Row of four slot machines, lit up green
Slot machines at the Resorts World New York Casino in Queens.
(Photo by Ramin Talaie/Corbis via Getty Images)

As the development of a New York City casino inches closer towards reality, the race is on to secure a license.

New York state voters authorized the creation of seven casinos in 2013, and four upstate facilities opened in the first phase. Now the second phase is underway, and licenses for three casinos in the New York City area will soon be open for bidding.

A casino in the U.S.’s most populated city will have access to a metropolitan area with 20 million residents, in addition to the tens of millions of tourists visiting New York City annually. Operators who win one of the three licenses will be capturing gambling revenue which previously went to casinos located outside the New York area, such as New Jersey’s Atlantic City and Foxwoods and Mohegan Sun in Connecticut.

The New York City area already has two gambling facilities known as racinos, horse racetracks that also operate slot machines and other electronic games.

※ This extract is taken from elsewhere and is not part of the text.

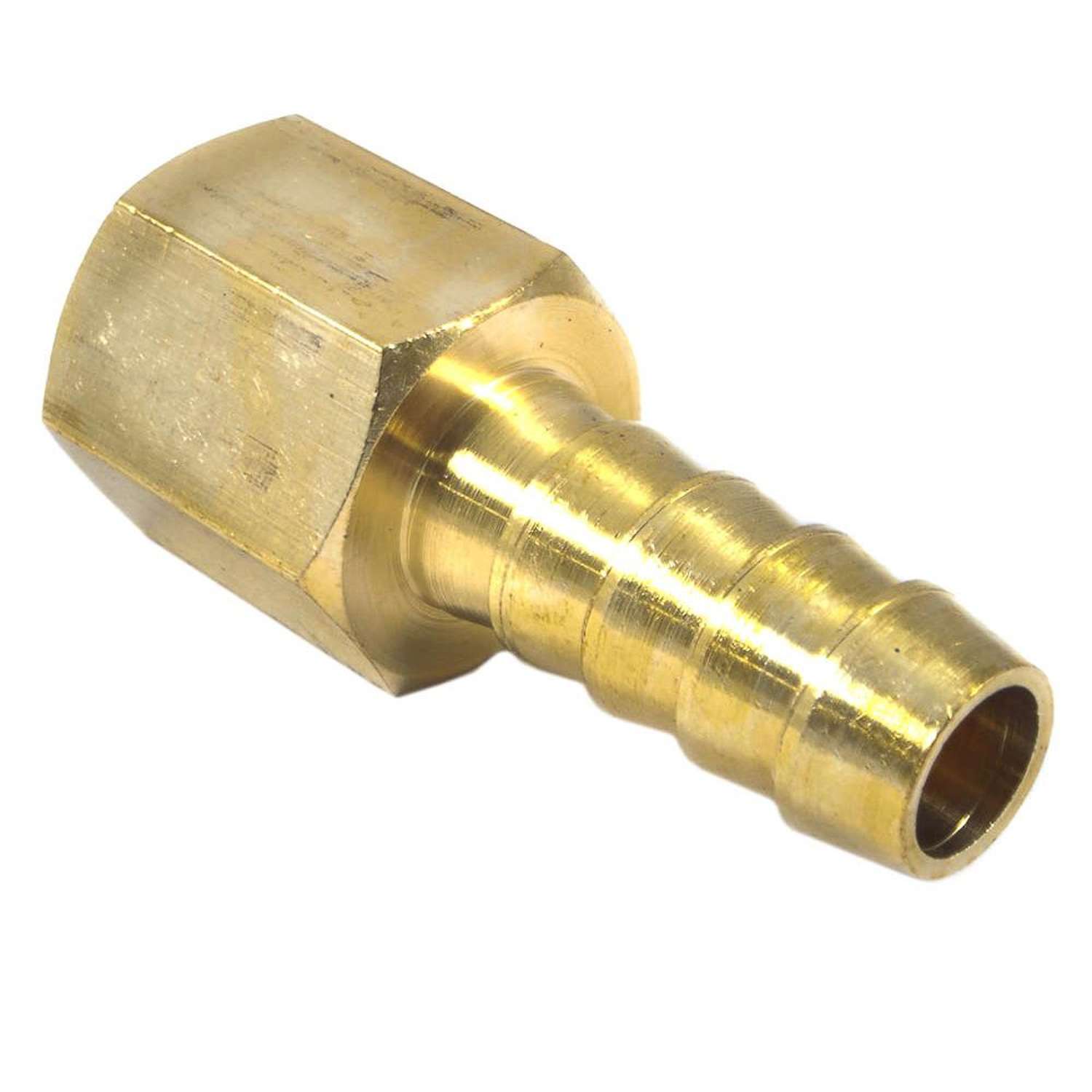 Forney Brass Air Hose End 1/4 in. Hose Barb NPT 3/8 in. Female NPT 1 pc
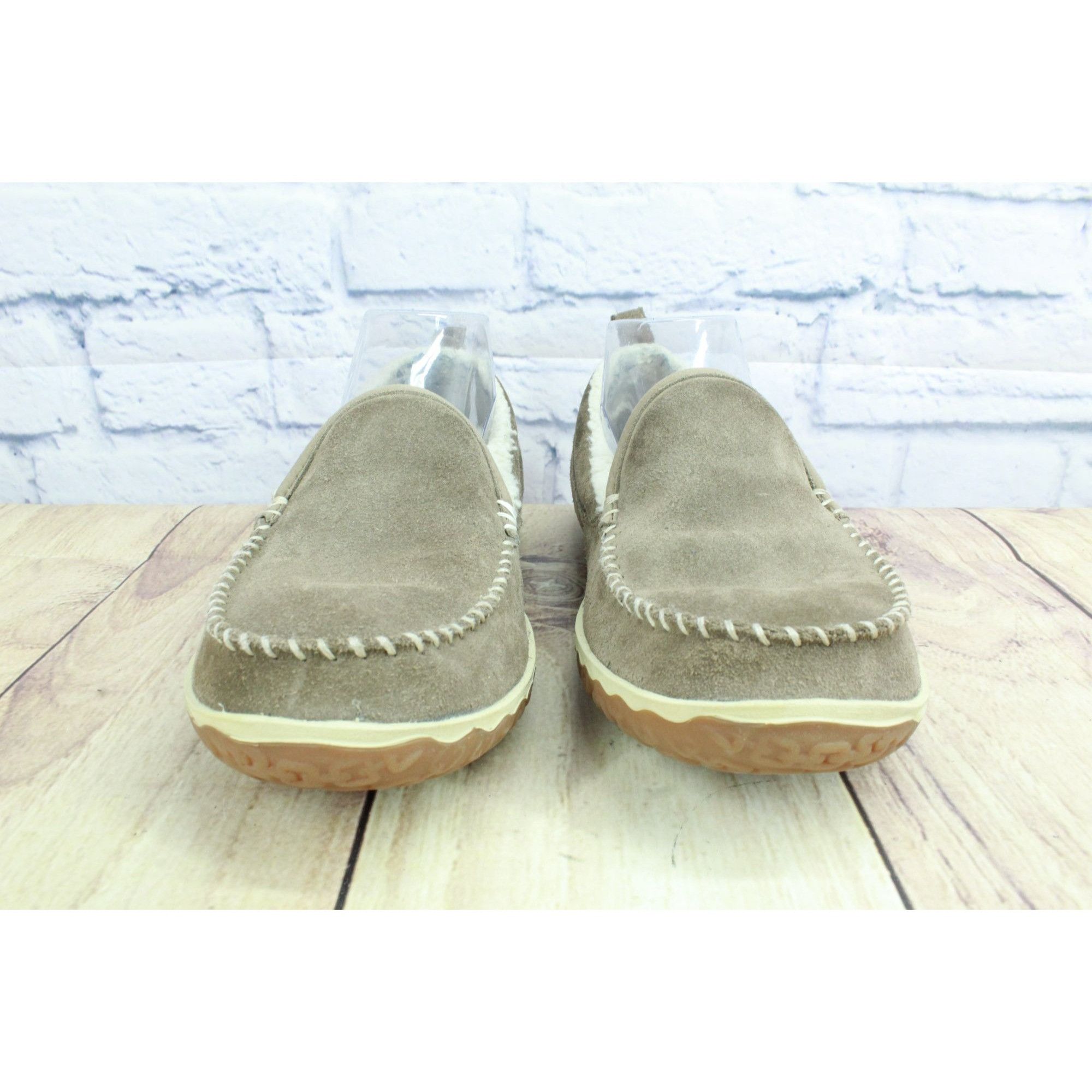 L.L. Bean LL Bean Women's Suede Fleece Mountain Moccasin Slippers Size US 8 / IT 38 - 4 Thumbnail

The Malaysian-based casino developer Genting operates the Resorts World facility at the Aqueduct Racetrack in Queens, while MGM Resorts controls the Empire City racino in Yonkers, located in Westchester county. Barring any unforeseen actions, these locations are most likely to receive two of the three casino licenses, according to Gary Pretlow, a member of the New York State Assembly and  co-chair of the Committee on Racing and Gaming. And as pre-established facilities, it won’t take long after being licensed for them to begin operating as casinos. 

“It’s really the one license, the other two are spoken for,” said Alan Woinski, CEO of Gaming USA Corporation, gambling consulting firm. “It’s going to be a bloody battle.”

Gambling operators will need to select a partner with New York influence, said Woinski, preferably one with name recognition who will be embraced by the city. While many of the potential bidders have been generous donors to city officials or belong to beloved New York franchises, license proposals from those with significant involvement in Republican causes could potentially see hurdles in winning over key decision-makers in the heavily Democratic city and state.

On Oct. 3, the State Gaming Commission announced members of the Gaming Facility Location Board, who will now have 90 days to solicit proposals from casino developers interested in one of the three licenses. But before the board approves proposals, applications must be accepted by two-thirds of local community advisory committees, created to gauge local support for bids. These boards will have members appointed by Governor Kathy Hochul, Mayor Eric Adams and the applicable borough president, city council member, state senator and assembly member.

“My best educated guess would be that bids are accepted by the end of the year, and early next year there’s a declaration of who got the licenses,” said State Senator Joseph Addabbo, chair of the Senate Racing, Gaming and Wagering Committee.

The new casinos will pay a minimum 25 percent tax on slots and at least 10 percent tax on gross gaming revenue, said Pretlow. And license fees, which are starting at a $500 million minimum, could potentially get bid up to nearly $1 billion for the right to operate a casino in New York City, he said.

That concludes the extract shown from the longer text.